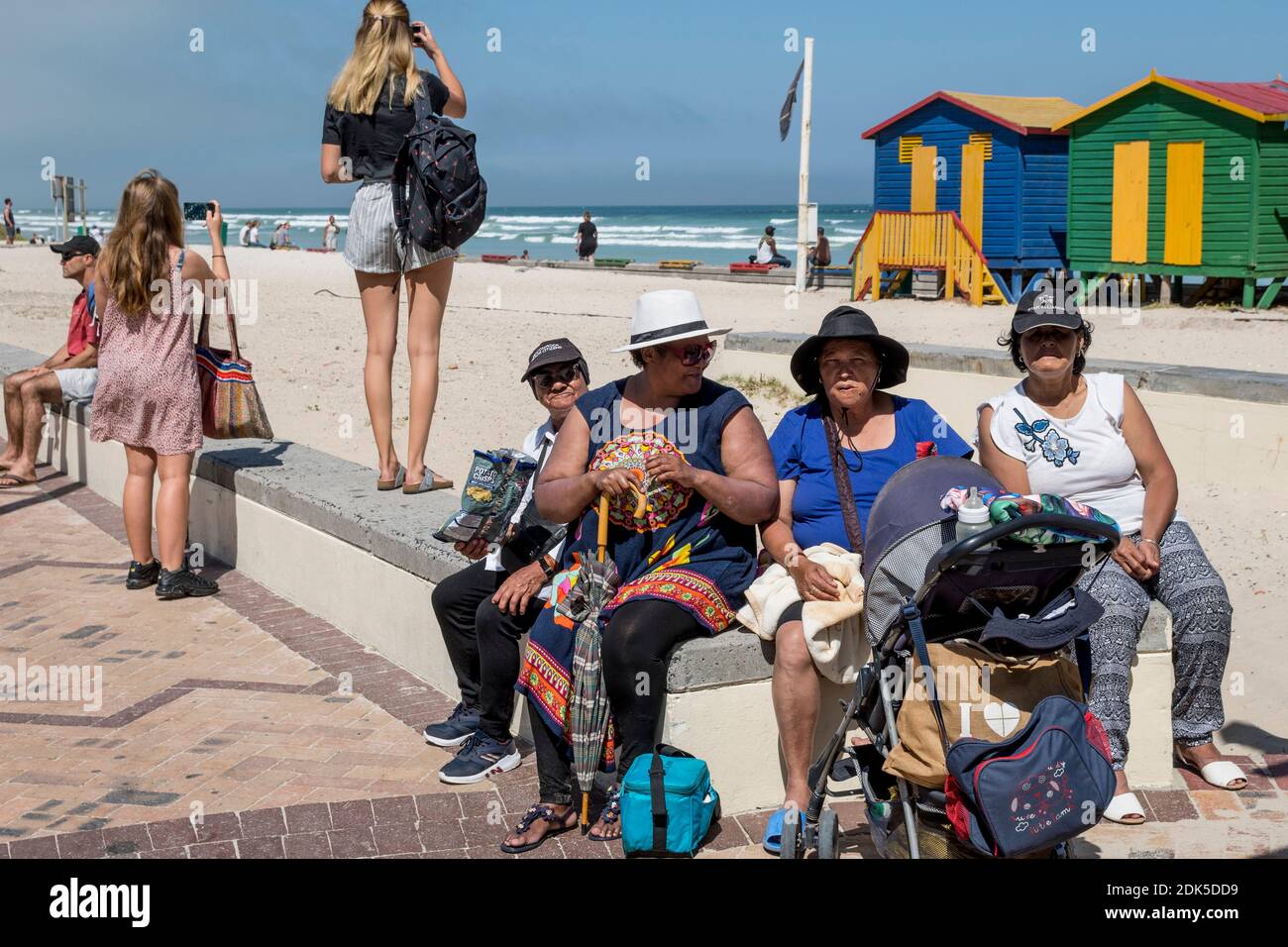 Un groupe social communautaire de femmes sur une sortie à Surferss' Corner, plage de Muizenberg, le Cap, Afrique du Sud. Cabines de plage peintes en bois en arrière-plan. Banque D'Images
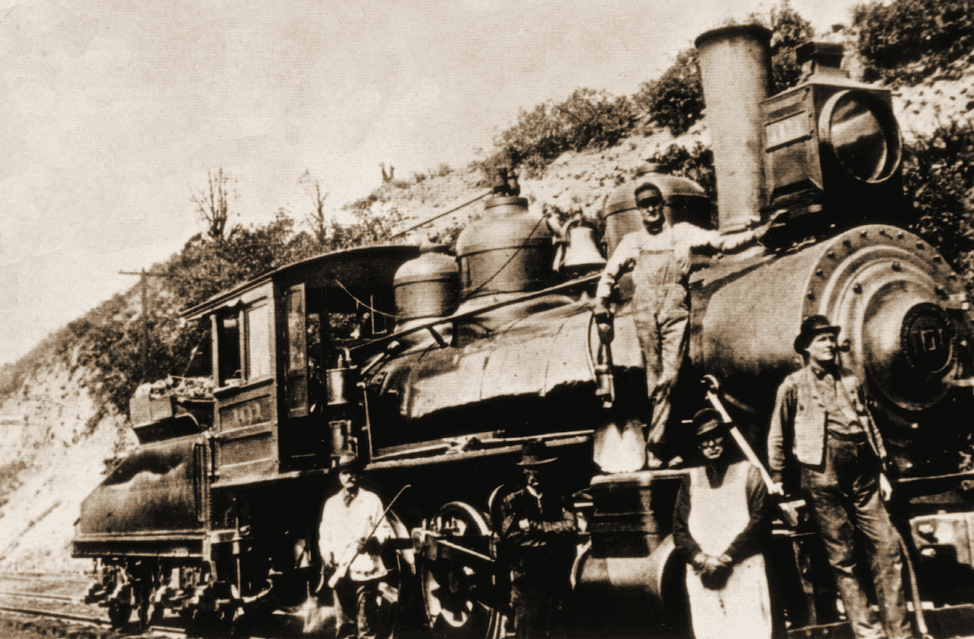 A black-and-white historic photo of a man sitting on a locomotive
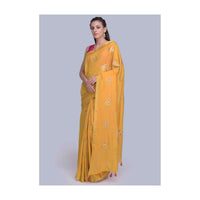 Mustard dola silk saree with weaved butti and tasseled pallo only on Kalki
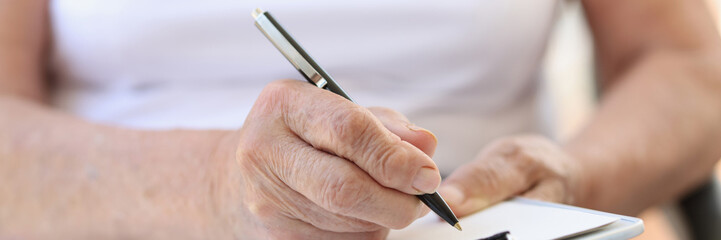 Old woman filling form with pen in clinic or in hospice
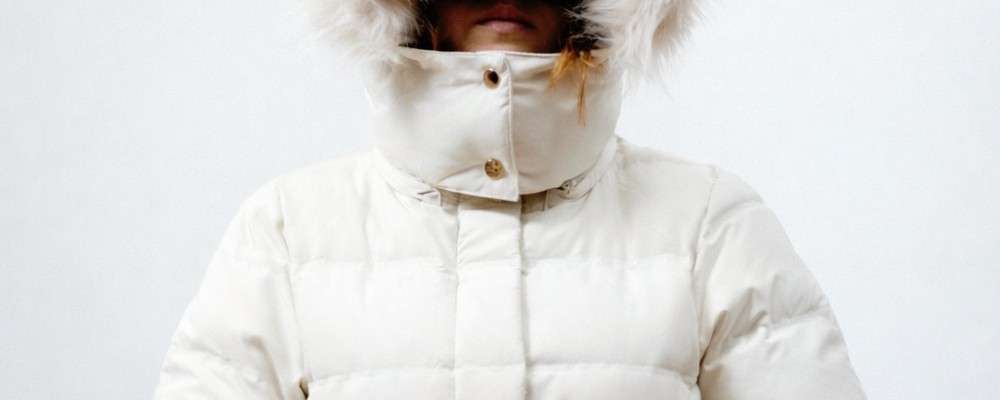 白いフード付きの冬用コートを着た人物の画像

━━━━━━━━━━━━━━━━

Description of the task: Copy each line above exactly. Images do not belong in the copy.

Solved problem:
 Un groupe social communautaire de femmes sur une sortie à Surferss' Corner, plage de Muizenberg, le Cap, Afrique du Sud. Cabines de plage peintes en bois en arrière-plan. Banque D'Images
 A black-and-white historic photo of a man sitting on a locomotive
 Mustard dola silk saree with weaved butti and tasseled pallo only on Kalki
 Old woman filling form with pen in clinic or in hospice
 白いフード付きの冬用コートを着た人物の画像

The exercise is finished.